**TASK**
From first line to last, retype the data exactly.

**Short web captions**
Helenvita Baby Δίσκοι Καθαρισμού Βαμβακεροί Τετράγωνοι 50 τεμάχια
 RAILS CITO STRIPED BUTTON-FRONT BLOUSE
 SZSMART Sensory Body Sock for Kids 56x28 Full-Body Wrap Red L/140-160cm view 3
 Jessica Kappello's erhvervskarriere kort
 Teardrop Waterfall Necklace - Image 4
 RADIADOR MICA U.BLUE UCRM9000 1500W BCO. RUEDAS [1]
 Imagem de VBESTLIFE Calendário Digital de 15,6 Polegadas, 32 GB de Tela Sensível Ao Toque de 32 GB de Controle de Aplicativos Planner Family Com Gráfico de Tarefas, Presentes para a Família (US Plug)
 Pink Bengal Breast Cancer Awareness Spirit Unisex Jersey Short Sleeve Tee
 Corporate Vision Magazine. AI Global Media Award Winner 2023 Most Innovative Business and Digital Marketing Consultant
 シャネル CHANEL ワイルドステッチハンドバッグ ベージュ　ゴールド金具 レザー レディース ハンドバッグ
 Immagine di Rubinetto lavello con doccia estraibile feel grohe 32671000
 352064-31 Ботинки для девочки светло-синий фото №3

**WRITTEN SOLUTION**
Helenvita Baby Δίσκοι Καθαρισμού Βαμβακεροί Τετράγωνοι 50 τεμάχια
 RAILS CITO STRIPED BUTTON-FRONT BLOUSE
 SZSMART Sensory Body Sock for Kids 56x28 Full-Body Wrap Red L/140-160cm view 3
 Jessica Kappello's erhvervskarriere kort
 Teardrop Waterfall Necklace - Image 4
 RADIADOR MICA U.BLUE UCRM9000 1500W BCO. RUEDAS [1]
 Imagem de VBESTLIFE Calendário Digital de 15,6 Polegadas, 32 GB de Tela Sensível Ao Toque de 32 GB de Controle de Aplicativos Planner Family Com Gráfico de Tarefas, Presentes para a Família (US Plug)
 Pink Bengal Breast Cancer Awareness Spirit Unisex Jersey Short Sleeve Tee
 Corporate Vision Magazine. AI Global Media Award Winner 2023 Most Innovative Business and Digital Marketing Consultant
 シャネル CHANEL ワイルドステッチハンドバッグ ベージュ　ゴールド金具 レザー レディース ハンドバッグ
 Immagine di Rubinetto lavello con doccia estraibile feel grohe 32671000
 352064-31 Ботинки для девочки светло-синий фото №3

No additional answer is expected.